╭─ RECORDED DATA
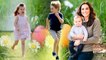How Duchess Kate will celebrate Easter with Prince George, Princess Charlotte & Prince Louis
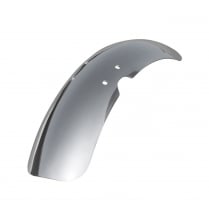 Raceblade Front Mudguard/Fender- Spoke Wheels - Polished Aluminium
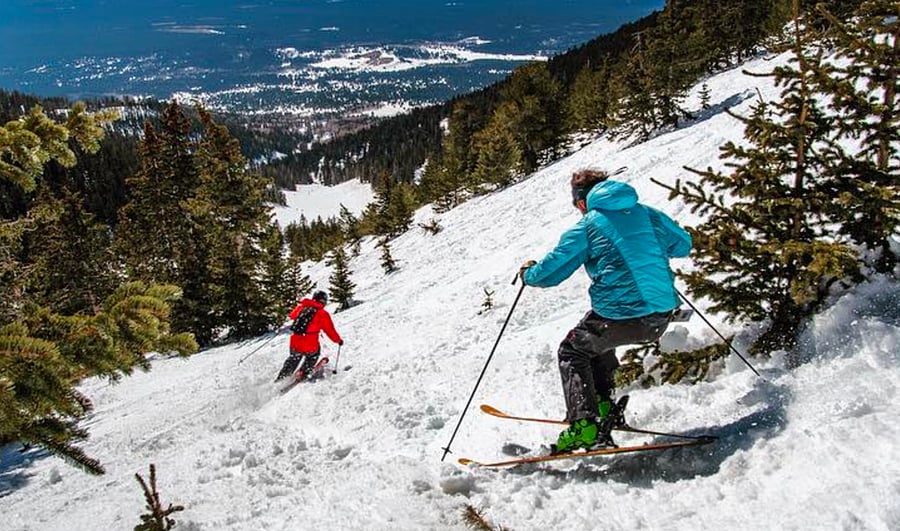 Skiing Nearby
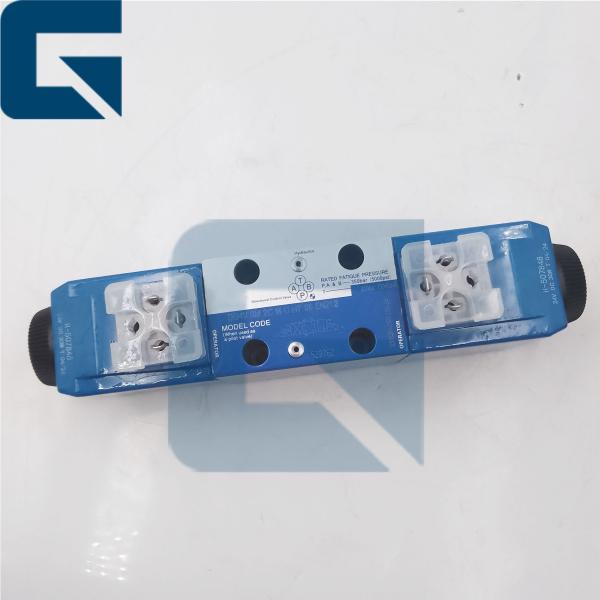 529762 Válvula de controlo direccional de solenoide DG4V-3-2A-M-U-H7-60 Válvula solenoide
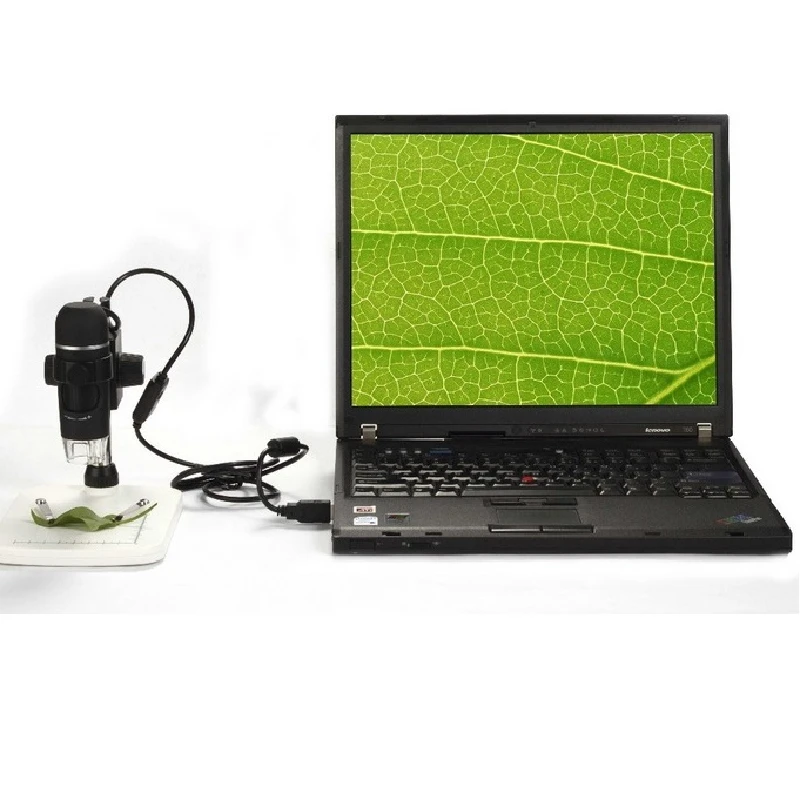 

Цифровой Микроскоп USB, 5 м, 300X, с микросхемой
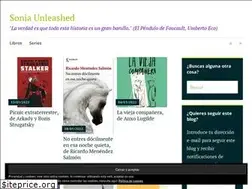 Sites similar to soniaunleashed.com
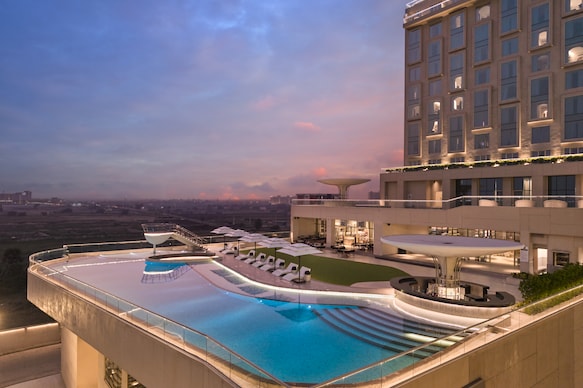 Swosti Premium Beach Resorts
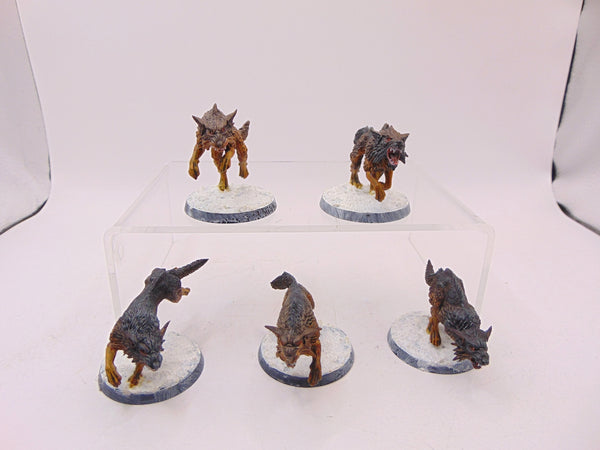 Fenrisian Wolves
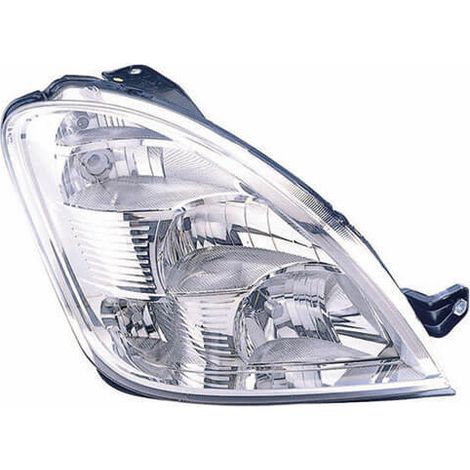 Phare avant droit H1/H1/H7 Iveco Daily 2006-2012
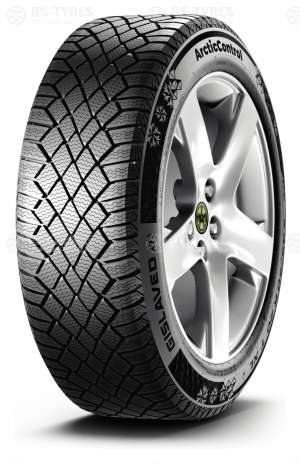 Gislaved ArcticControl 245/40 R21 100T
╰─
TASK PROMPT. Give back exactly the lines from the one with "Цифровой Микроскоп USB, 5" through the end of the records above, inclusive, and omit any pictures.

PROBLEM SOLUTION.
Цифровой Микроскоп USB, 5 м, 300X, с микросхемой
 Sites similar to soniaunleashed.com
 Swosti Premium Beach Resorts
 Fenrisian Wolves
 Phare avant droit H1/H1/H7 Iveco Daily 2006-2012
 Gislaved ArcticControl 245/40 R21 100T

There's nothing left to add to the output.